Presidindo a cúpula, a ministra Rosa Weber também reforçou a existência das mudanças climáticas que atingem diretamente a Amazônia, pedindo aos estados que não meçam esforços para conter o desmatamento ilegal. “A mudança climática é um fenomeno que está sendo comprovado ano a ano, infelizmente. O desmatamento reduziu um pouco, mas não está sendo contido com toda força pelos estados. Há um domínio de organizações criminosas que se apoiam em fraude, corrupção, lavagem de dinheiro, tráfico de pessoas, de animais, de drogas, atividades que se conectam frequentemente com mercados lícitos, estabelecendo um ciclo perverso de retroalimentação”, denunciou.
Para a presidente da Fundação Nacional do Índio, Joenia Wapichana, que abriu seu discurso falando em sua língua nativa, o momento é de falar menos e fazer mais. É preciso que “todos os compromissos sejam realizados” e não fiquem apenas dentro das cúpulas e outros eventos que acontecem na região. “O momento é importante para que todos lutem por justiça climática, pois até quem antes defendia um sistema predatório, hoje já percebeu a situação dramática que estamos vivendo. Se continuarmos assim, não só a Amazônia será comprometida, como o próprio sistema entrará em colapso. Então esse encontro judicial serve para que este setor também crie as pontes necessárias para o desenvolvimento sustentável de nossa região”, disse.
Bem humorado durante seu discruso, o ministro da Justiça, Flávio Dino, elogiou as ministras presentes, dizendo que elas carregam o tesouro das folhas exuberantes, que valem mais do que o ouro e a madeira ilegal roubados pelo crime e criticando as fake news. “Vivemos um tempo de angústias, em que as pessoas são levadas a informações falsas em velocidade alucinante. Muita gente não acredita nas mudanças climáticas. Isso dificulta o exercício da atividade fundamental, que é garantir um caminho para a sociedade. Quando o CNJ decide realizar esse evento, é porque deseja afrontar isso, mostrar a importância de políticas capazes de desafiar as utopias destrutivas do nosso tempo. Está lá na Constituição de 1988, para todos verem, a ideia de equidade transgeracional, ideia de justiça ambiental, de desenvolvimento sustentável, está tudo lá, não é algo relacionado a uma ideologia política, mas sim humana”, disse Dino.
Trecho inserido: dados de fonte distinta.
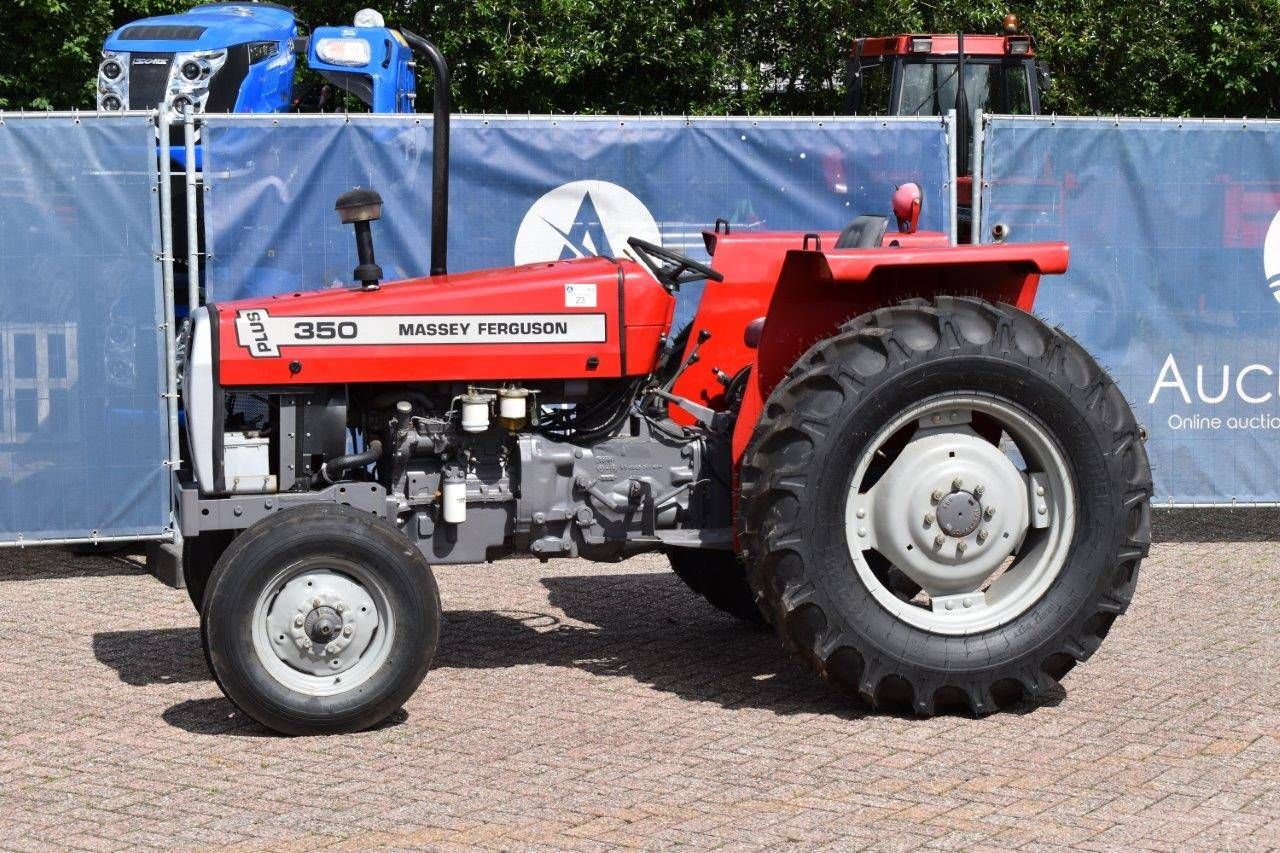 Tractor Massey Ferguson 350 Diesel New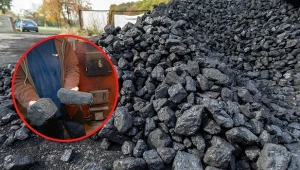 Czy węgiel z importu ma takie same parametry, jak ten z polskich kopalń? Wyjaśniamy, jak to sprawdzić. Fot. East News: Arkadiusz Ziolek, Jacek Dominski Reporter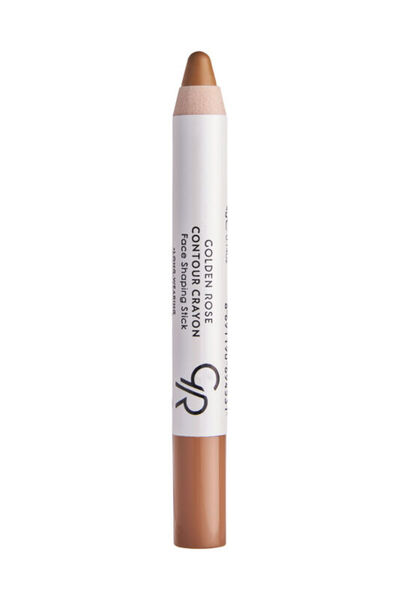 Golden Rose Contour Crayon - 21 Light Brown - Kontür Kalemi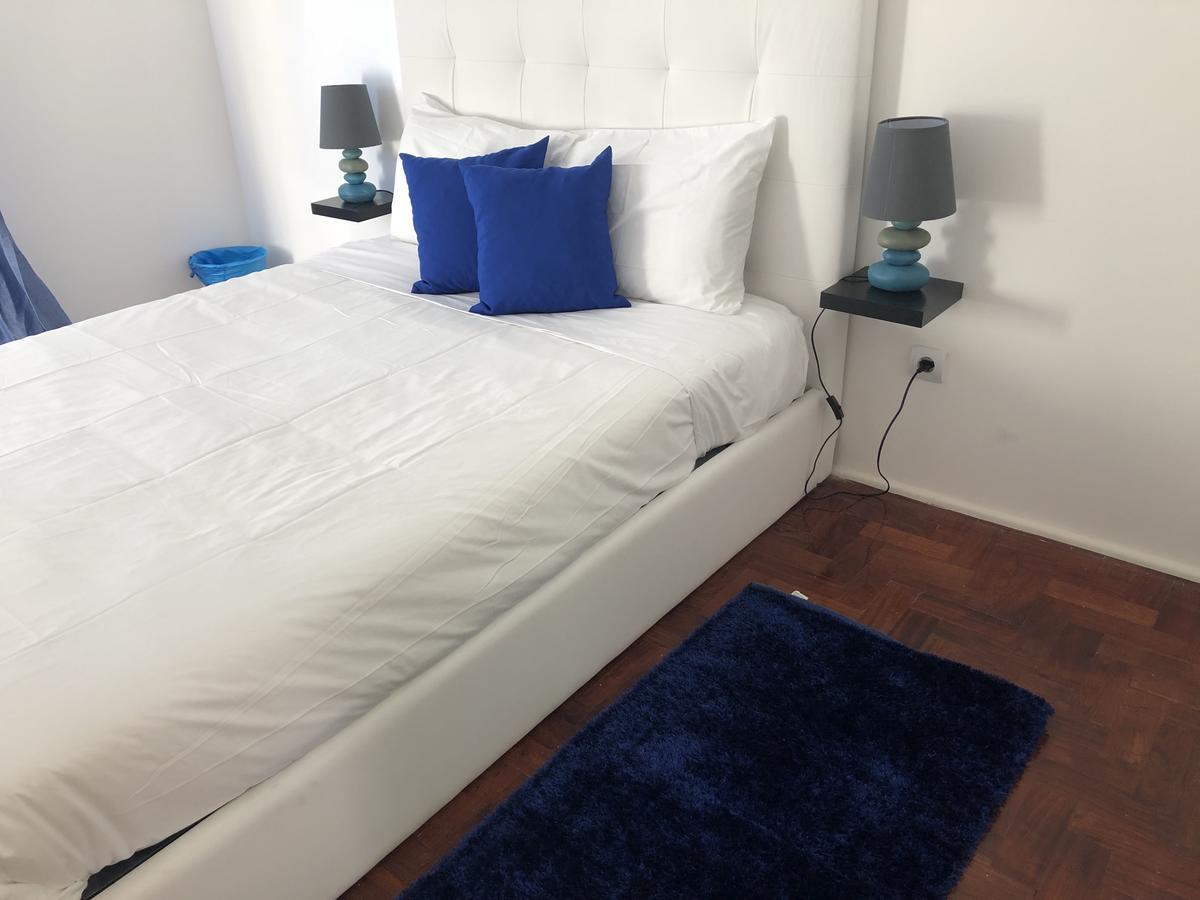 7 Rivers Hostel Lisboa Kültér fotó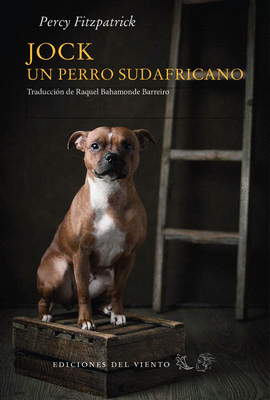 JOCK UN PERRO SUDAFRICANO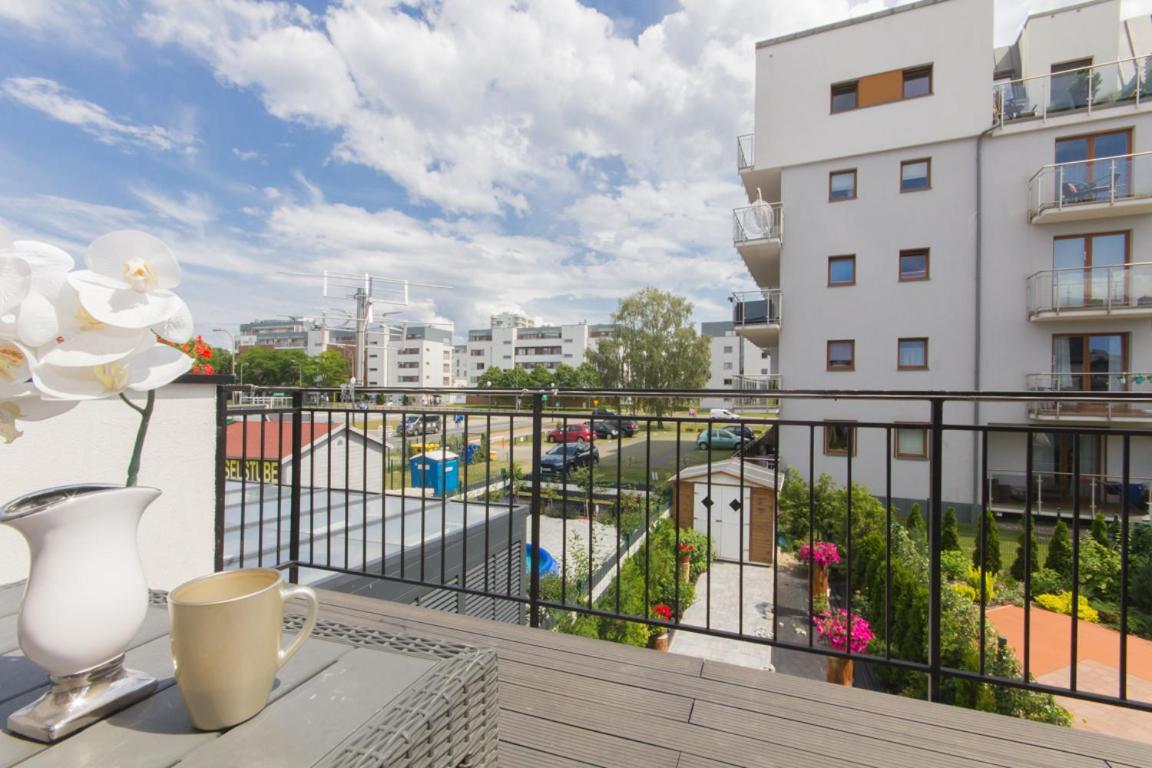 Sloneczne Apartamenty Swinoujscie Ngoại thất bức ảnh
Por fim, durante sua fala de encerramento, Rosa Weber exaltou o poder da Amazônia no funcionamento global, incentivando a todos os magistrados presente a servirem a floresta em pé. “É inquestionável a importância da Amazônia para manutenção do equilíbrio climático. A Amazônia detém mais de 60% das florestas tropicais, 20% da água doce, 10% da biodiversidade mundiais. É um dos principais ativos do Brasil e ocupa posição estratégica na discussão pelas mudanças globais. Não é exagero afirmar que os danos causados na Amazônia repercutem em todo planeta”, disse a ministra do STF ao finalizar o primeiro dia de cúpula.
A programação da 1ª Cúpula Judicial da Amazônia segue neste sábado (05), presidida por Manoel Murrieta, presidente da Associação Nacional dos Membros do Ministério Público (CONAMP), e com as presenças de nomes como André Aranha Corrêa do Lago, secretário de Clima, Energia e Meio Ambiente do Ministério de Relações Exteriores do Brasil, Maria Angélica Ikeda, diretora do Departamento de Meio Ambiente do Ministério das Relações Exteriores do Brasil, e a ministra Maria Thereza de Assis Moura, presidente do Superior Tribunal de Justiça.